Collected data

-=-=-

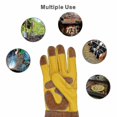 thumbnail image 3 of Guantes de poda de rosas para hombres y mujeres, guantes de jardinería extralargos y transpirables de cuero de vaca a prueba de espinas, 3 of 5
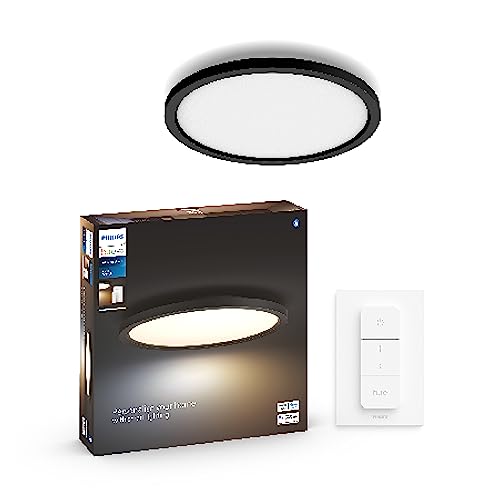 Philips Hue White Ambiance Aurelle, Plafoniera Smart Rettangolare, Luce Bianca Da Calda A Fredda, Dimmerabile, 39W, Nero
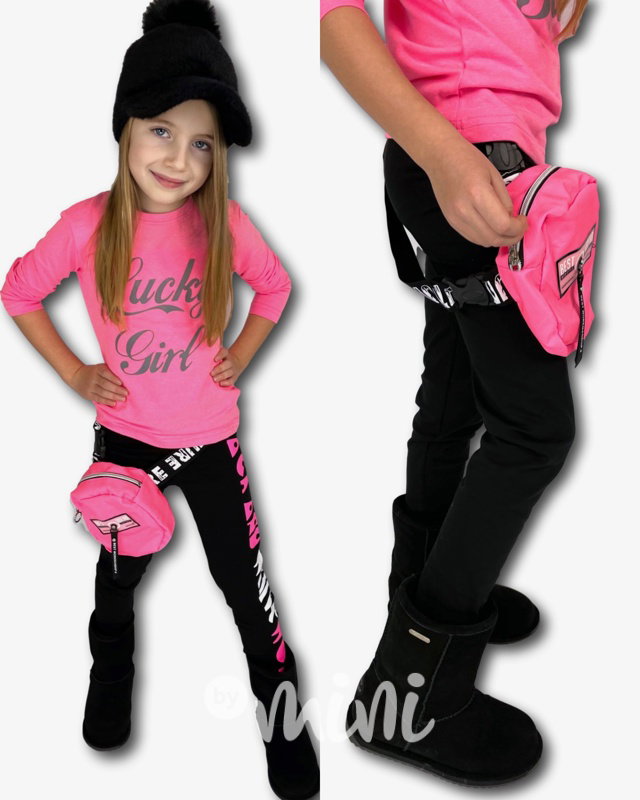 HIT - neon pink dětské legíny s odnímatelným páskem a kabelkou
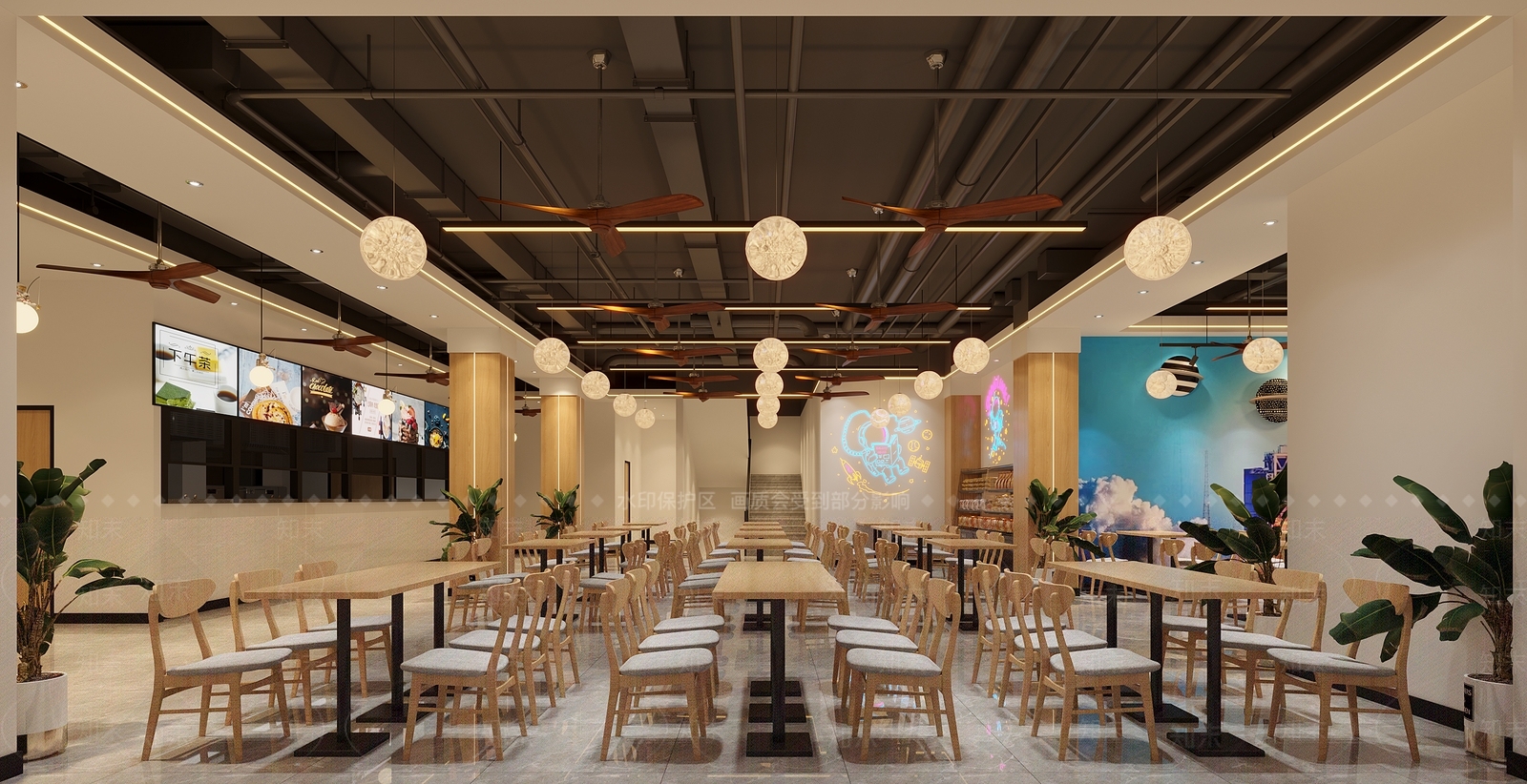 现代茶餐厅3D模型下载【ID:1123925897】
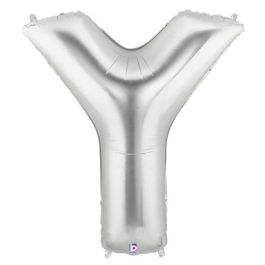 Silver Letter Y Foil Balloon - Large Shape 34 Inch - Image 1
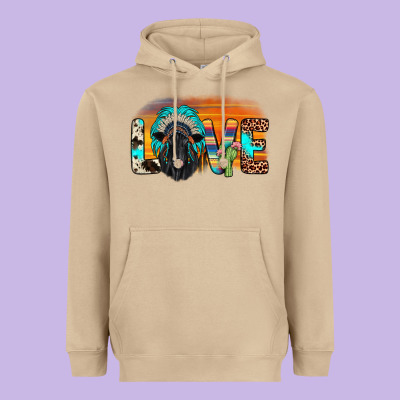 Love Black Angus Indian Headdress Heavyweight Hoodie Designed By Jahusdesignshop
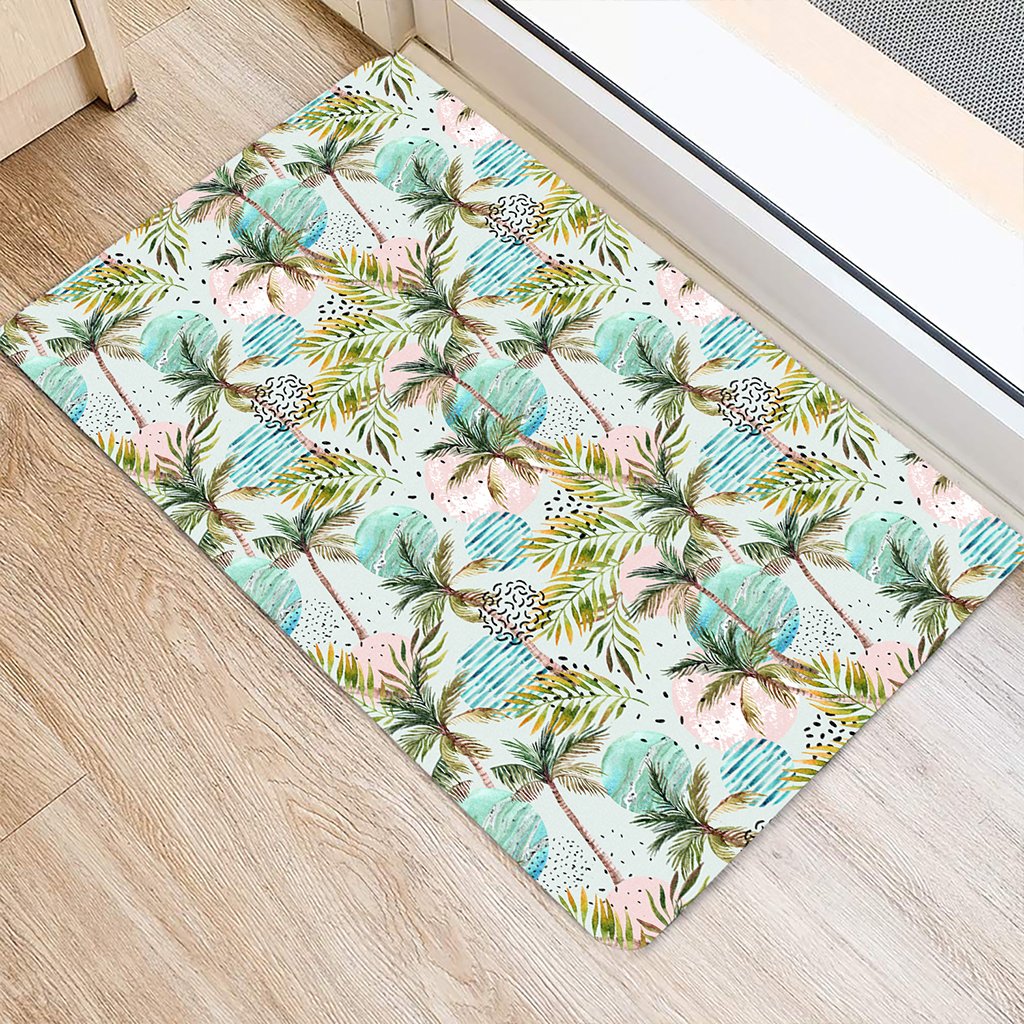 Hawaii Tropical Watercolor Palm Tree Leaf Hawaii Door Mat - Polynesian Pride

-=-=-

EXERCISE DIRECTIONS
With the pictures omitted, repeat the full set of records above exactly.

TASK ANSWER
 thumbnail image 3 of Guantes de poda de rosas para hombres y mujeres, guantes de jardinería extralargos y transpirables de cuero de vaca a prueba de espinas, 3 of 5
 Philips Hue White Ambiance Aurelle, Plafoniera Smart Rettangolare, Luce Bianca Da Calda A Fredda, Dimmerabile, 39W, Nero
 HIT - neon pink dětské legíny s odnímatelným páskem a kabelkou
 现代茶餐厅3D模型下载【ID:1123925897】
 Silver Letter Y Foil Balloon - Large Shape 34 Inch - Image 1
 Love Black Angus Indian Headdress Heavyweight Hoodie Designed By Jahusdesignshop
 Hawaii Tropical Watercolor Palm Tree Leaf Hawaii Door Mat - Polynesian Pride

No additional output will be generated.